I'm not claiming that human society is so complex that we’re left unable to say anything of any consequence about it. Just that whatever model we use, whether it tends to emphasis the role of, say corporations or even secret societies in determining the direction of history, or whether it subsumes the agency of individual actors to impersonal societal trends, there will always be important things that we can’t capture within that model, that can’t be explained by reference to it. Basically it’s best not to be too dogmatic when trying to make sense of an insane world.
However, conspiracy theory is by its very nature irrefutable: if you’ve ever been in an argument with a conspiracy theorist you know what a fundamentally pointless task it is to convince them they might be wrong. Whatever evidence you produce to contradict say someone’s conviction that the prime minister is a blood sucking reptile, the conspiracy theorist has given him or herself license to construct the most intricate justification as to why he really is (the less plausible the basis of the conspiracy theory the more liberties taken in defending its wilder claims).

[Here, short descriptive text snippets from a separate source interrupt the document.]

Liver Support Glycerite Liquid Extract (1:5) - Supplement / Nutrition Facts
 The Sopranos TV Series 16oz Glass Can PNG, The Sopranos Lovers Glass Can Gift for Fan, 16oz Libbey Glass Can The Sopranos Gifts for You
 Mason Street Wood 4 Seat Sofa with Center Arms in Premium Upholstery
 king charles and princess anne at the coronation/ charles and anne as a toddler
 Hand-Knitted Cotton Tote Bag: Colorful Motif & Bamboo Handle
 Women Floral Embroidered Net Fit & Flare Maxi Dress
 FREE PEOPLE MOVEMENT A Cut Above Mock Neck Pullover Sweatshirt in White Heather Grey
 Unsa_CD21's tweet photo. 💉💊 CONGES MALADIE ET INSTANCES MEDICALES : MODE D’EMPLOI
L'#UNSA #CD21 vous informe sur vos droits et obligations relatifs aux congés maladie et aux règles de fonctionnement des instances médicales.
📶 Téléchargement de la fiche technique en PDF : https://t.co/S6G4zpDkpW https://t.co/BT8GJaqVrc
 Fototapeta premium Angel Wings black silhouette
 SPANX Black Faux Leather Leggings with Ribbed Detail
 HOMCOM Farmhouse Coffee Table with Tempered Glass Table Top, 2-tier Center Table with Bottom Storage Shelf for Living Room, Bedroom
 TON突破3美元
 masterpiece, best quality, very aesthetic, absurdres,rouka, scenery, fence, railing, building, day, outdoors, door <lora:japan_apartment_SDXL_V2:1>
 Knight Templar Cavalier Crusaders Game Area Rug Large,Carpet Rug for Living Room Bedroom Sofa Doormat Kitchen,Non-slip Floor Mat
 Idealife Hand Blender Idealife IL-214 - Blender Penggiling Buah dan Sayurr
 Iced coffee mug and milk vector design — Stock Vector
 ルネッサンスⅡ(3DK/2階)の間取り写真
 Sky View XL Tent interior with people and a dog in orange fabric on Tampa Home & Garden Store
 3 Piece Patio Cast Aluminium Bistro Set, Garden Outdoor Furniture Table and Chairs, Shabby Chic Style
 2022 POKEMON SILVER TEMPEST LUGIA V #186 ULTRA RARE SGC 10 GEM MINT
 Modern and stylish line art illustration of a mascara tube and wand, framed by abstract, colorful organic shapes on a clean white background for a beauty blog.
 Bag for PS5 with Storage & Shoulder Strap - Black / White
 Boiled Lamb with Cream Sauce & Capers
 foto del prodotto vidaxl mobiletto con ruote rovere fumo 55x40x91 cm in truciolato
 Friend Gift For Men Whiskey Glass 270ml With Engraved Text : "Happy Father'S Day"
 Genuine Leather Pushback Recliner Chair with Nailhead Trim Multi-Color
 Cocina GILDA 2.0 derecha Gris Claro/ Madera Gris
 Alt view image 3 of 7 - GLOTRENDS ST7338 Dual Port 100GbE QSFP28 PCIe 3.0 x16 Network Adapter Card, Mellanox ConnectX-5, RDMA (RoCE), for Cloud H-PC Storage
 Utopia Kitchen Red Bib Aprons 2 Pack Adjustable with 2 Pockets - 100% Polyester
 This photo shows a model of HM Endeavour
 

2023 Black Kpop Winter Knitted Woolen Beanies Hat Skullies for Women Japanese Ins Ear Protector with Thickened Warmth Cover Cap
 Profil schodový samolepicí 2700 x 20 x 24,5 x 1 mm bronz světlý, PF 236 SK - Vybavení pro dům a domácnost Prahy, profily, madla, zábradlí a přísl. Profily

So how to explain the popularity of conspiracy theory in the face of its many obvious epistemological deficiencies? Well, personally, I think that conspiracy theory tends to thrive primarily in those environments in which real scepticism is discouraged. In the UK and US, children grow up in an educational environment where if you’re not actively dissuaded from independent critical thinking (which you are) then the opportunities for developing your critical faculties are stifled by an educational system that operates almost entirely within the narrow constraints of a standardised curriculum. In practice this means that children are taught the bare minimum they need to pass their exams and no more. And although there is some emphasis on pupils developing evaluation skills again it’s only to the extent of allowing children to pass exams.
Without having a good enough grasp of how to evaluate and judge between different pieces of evidence - never dispensing with a healthy amount of cynicism - anyone dissatisfied with what they get from mainstream sources becomes even more gullible when exposed to non-mainstream sources. It's crucial that in the face of these apparently seductive arguments and the mounds of evidence supporting them, that people ask the right questions and not fall prey to various logical fallacies and probabilistic errors - and accept that there'll always be grey areas, such is the nature of existence.
How does this relate to imagination? You could say that people who are ardent followers of various branches of conspiracy theory have very active imaginations, maybe overactive ones. Yes in some sense their imaginations aren’t lacking. However the dogmatic and unquestioning acceptance of one reality constrains the imagination precisely because you don’t allow yourself to consider the possibility that things might be another way, even though your might go into creative overdrive trying to justifying your convictions.
At the end of the day we just have to learn to accept we might be wrong.